Their basic failure, however, was that of not keeping pace with events. They could not see that their own achievements had made their Politics obsolete. They failed to meet the demands of the new stage of the national movement) Visible proof f this was their failure to attract the younger generation.
The British had been suspicious of the National Congress from its inception. But they had not been overtly hostile, in the first few years of its existence because they believed its activities would remain academic and confined to a handful of intellectuals. However, as soon as it became apparent that the Congress would not remain so narrowly confined, and that it was becoming a focus of Indian nationalism, the officials turned openly critical of the Congress, the nationalist leaders, and the Press.
They now began to brand the nationalists as ‘disloyal babus’ ‘seditious Brahmins,’ and ‘violent villains.’ The Congress was described as ‘a factory of sedition’ and Congressmen as ‘disappointed candidates for office and discontented lawyers who represent no one but themselves.’ In 1888, Dufferin, the Viceroy, attacked the National Congress in a public speech and ridiculed it as representing only the elite ‘a microscopic minority.” George Hamilton, Secretary of State for India, accused the Congress leaders of possessing ‘seditious and double-sided character.’
This hostility did not abate when the Moderates, who then controlled the Congress, began to distance themselves from the rising militant nationalist tendencies of certain sections of the Congress which became apparent when the government unleashed a repressive policy against the Indian Press in 1897. Instead the British appeared even more eager to attack and finish the Congress. Why was this so? First, because however moderate and loyal in their political perception the Moderates were, they were still nationalists and propagators of anti-colonialist politics and ideas. As Curzon, the Viceroy put it in 1905: ‘Gokhale either does not see where he is going or if he does see it, then he is dishonest or his pretensions. You Cannot awaken and appeal to the spirit of nationality in India and at the same time, profess loyal acceptance of British rule.’ Or, as George Hamilton, the Secretary of State, had complained to Dadabhai Naoroji 1900: ‘You announce yourself as a sincere supporter of British rule; you vehemently denounce the condition and consequences which are it inseparable from the maintenance of that rule.”
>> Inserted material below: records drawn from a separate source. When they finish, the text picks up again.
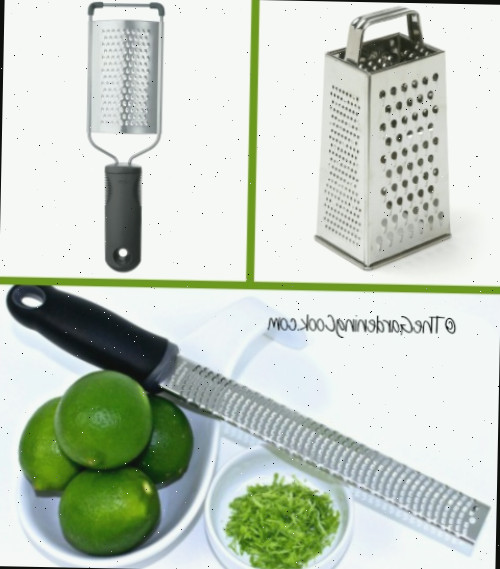 Tipos de raladores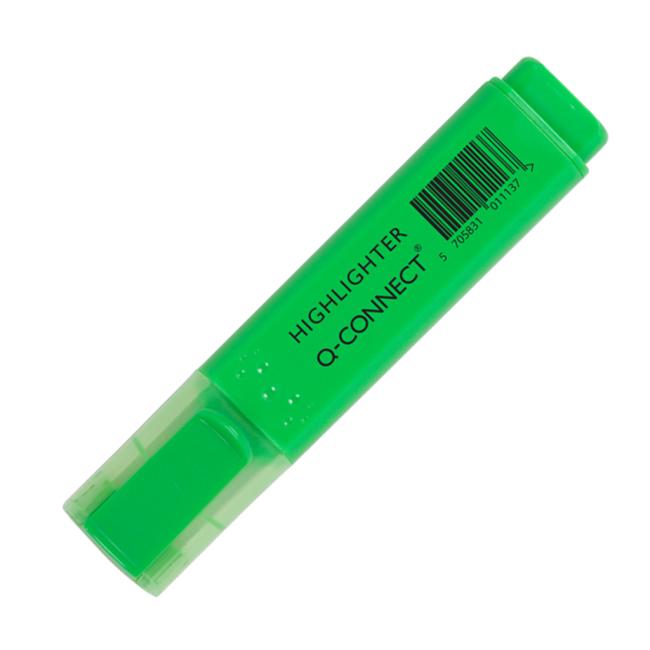 Q-CONNECT highlighter green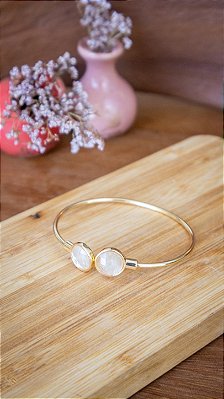 Pulseira Folheada a Ouro - Nautilus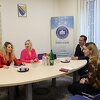 Mesihović posjetila Institut za jezik UNSA-e: Jezik je naša baština i treba ga njegovatii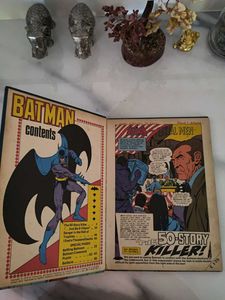 Batman Official Annual 1980 Comic Book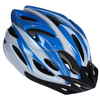 Casco da ciclismo In-Mold Casco da bicicletta per adulti classico di sicurezza nero con visiera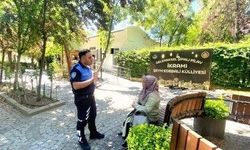 Şeyh Edebali Türbesi'nde dolandırıcılık konusunda uyarı yapıldı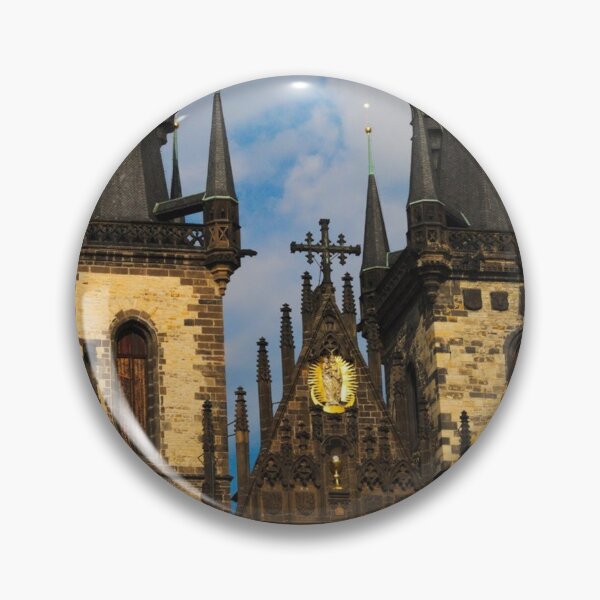 Item preview, Church of Our Lady in Prague – Architectural Detail Photography designed and sold by photo-travel.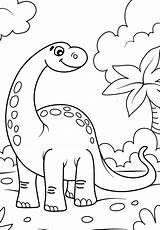 Colorir Dinossauro Dinossauros Tinta Coloridas Lápis Guache Cera Canetas Colas Pode sketch template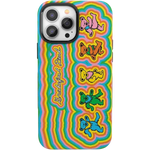 In the Groove | Grateful Dead Dancing Bears Case iPhone Case Grateful Dead Bold + MagSafe® iPhone 13 Pro Max 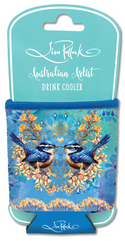 Lisa Pollock Drink Cooler - Royal Wrens
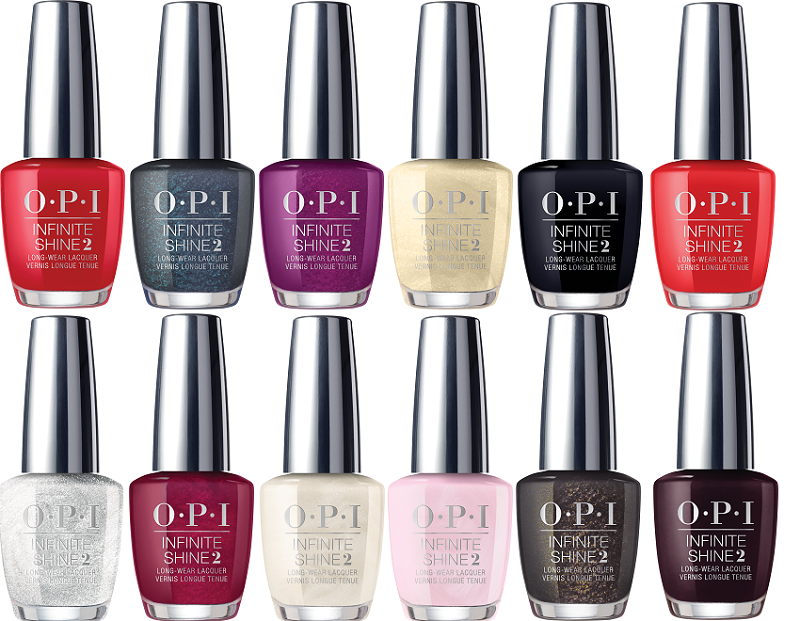 OPI Love OPI XOXO Collection: 12 Limited-Edition Holiday Nail Shades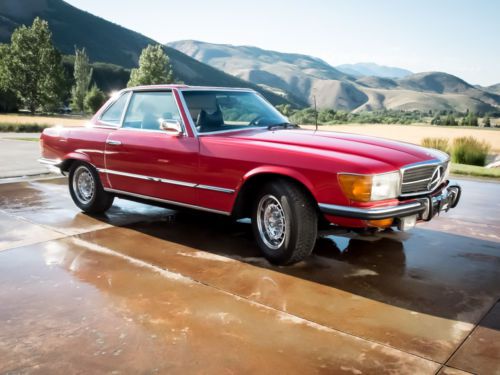 1972 Mercedes-Benz 450 SL Convertible - RARE 450SL - ORIGINAL MINT COLLECTIBLE!!, image 7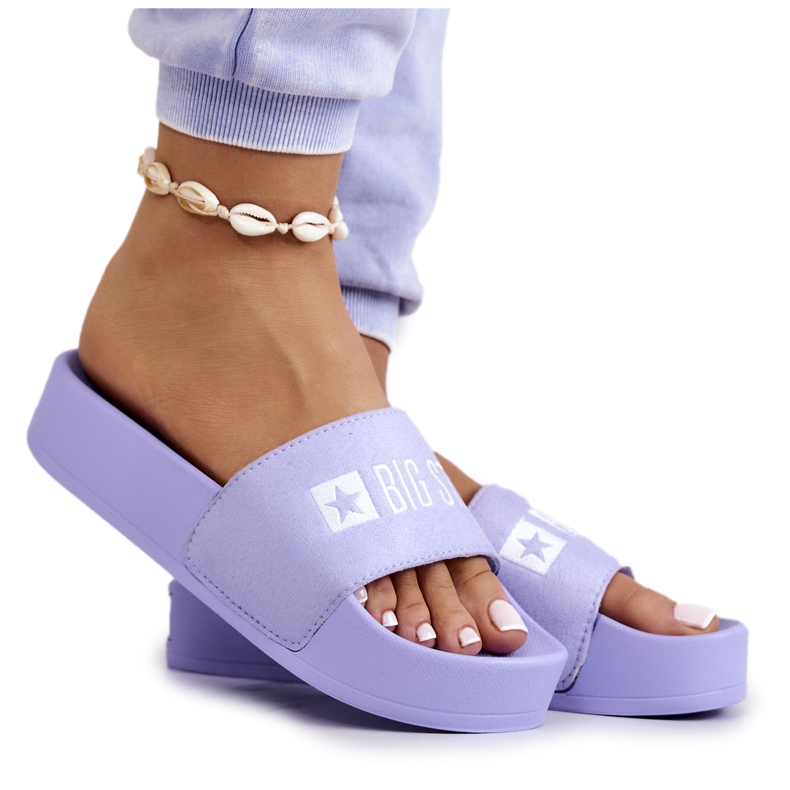 Gummitofflor Big Star JJ274A265 Violet violett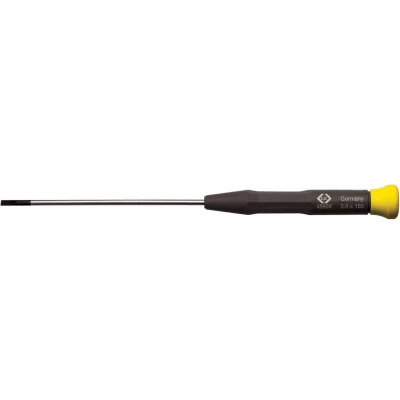 Afbeelding van C.K Xonic Elektronica en fijnmechanica Platte schroevendraaier Kopbreedte: 1.5 mm Koplengte: 60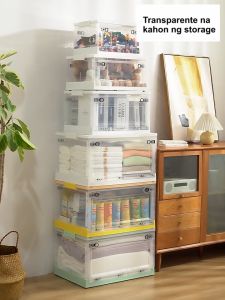 The Ultimate Guide to Foldable & Transparent Storage Boxes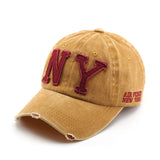Yankee Baseball Cap Hat Spring and Autumn Baseball Cap Outdoor Sports
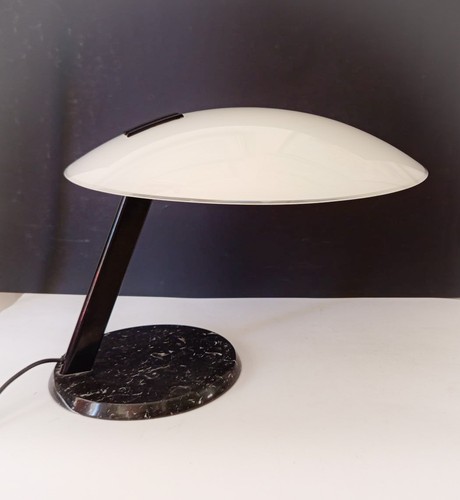 Rare desk lamp perla - perla, oluce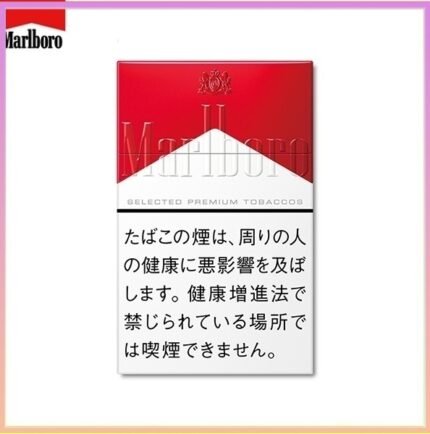 Marlboro萬寶路香煙硬紅萬12mg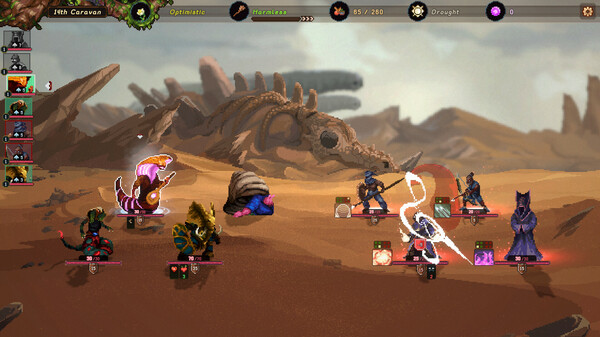 Sandwalkers - Prologue gameplay screenshot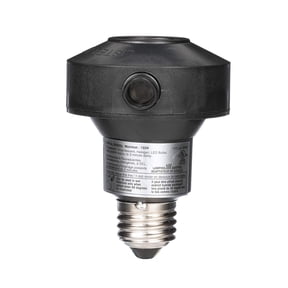 Woods Light Sensor Photocell Flood Light, 5.88"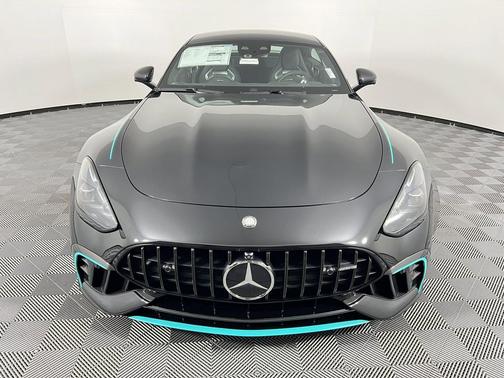 Obsidian Black Metallic 2025 Mercedes-Benz AMG GT 63 Pro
Second, the British policy-makers felt that the Moderate-led Congress could be easily finished because it was weak and without a popular base. Curzon, in particular, supported by George Hamilton, pursued this policy. He declared in 1900: ‘The Congress is tottering to its fall, and one of my greatest ambitions while in India is to assist it to a peaceful demise’. In 1903, he wrote to the Madras Governor: ‘My policy, ever since I came to India, has been to reduce the Congress to impotence.’ In 1904, he had insulted the Congress by refusing to meet its delegation headed by its President.
This policy was changed once the powerful Swadeshi, and Boycott Movement began and the militant nationalist trend became strong. An alternative policy of weakening the nationalist movement was now to be followed. Instead of sneering at the Moderates, the policy was to be that of ‘rallying’ them as John Morley, the new Secretary of State for India, put it in 1907. The new policy, known as the policy of the carrot and the stick, was to be a three-pronged one. It may be described as a policy of repression-conciliation-suppression. The Extremists, as we shall refer to the militant nationalists from now on, were to be repressed, though mildly in the first stage, the purpose is to frighten the Moderates. The Moderates were then to be placated through some concessions and promises and hints were to be given that further concessions would be forthcoming if they disassociated themselves from the Extremists. The entire objective of the new policy was to isolate the Extremists. Once the Moderates fell into the trap, the Extremists could be suppressed through the use of the full might of the state. The Moderates, in turn, could then be ignored. Unfortunately for the national movement, neither the Moderates nor the Extremists were able to understand the official strategy and consequently suffered a number of reverses.
The Government of India, headed by Lord Minto as Viceroy and John Morley as the Secretary of State, offered a bait of fresh reforms in the Legislative Councils and in the beginning of 1906 began discussing them with the Moderate leadership of the Congress. The Moderates agreed to cooperate with the Government and discuss reforms even while a vigorous popular movement, which the Government was trying to suppress, was going on in the country. The result was a total split in the nationalist ranks.
Before we take up this split at some length, it is of some interest to note that the British were to follow this tactic of dividing the Moderates from the militants in later years also — for example in 1924, vis-a-vis Swarajists, in 1936, vis-a-vis Nehru and the leftists, and so on. The difference was that in the later years the national leadership had learnt a lesson from the events of 1907-1909, and refused to rise to the bait, remaining united despite deep differences.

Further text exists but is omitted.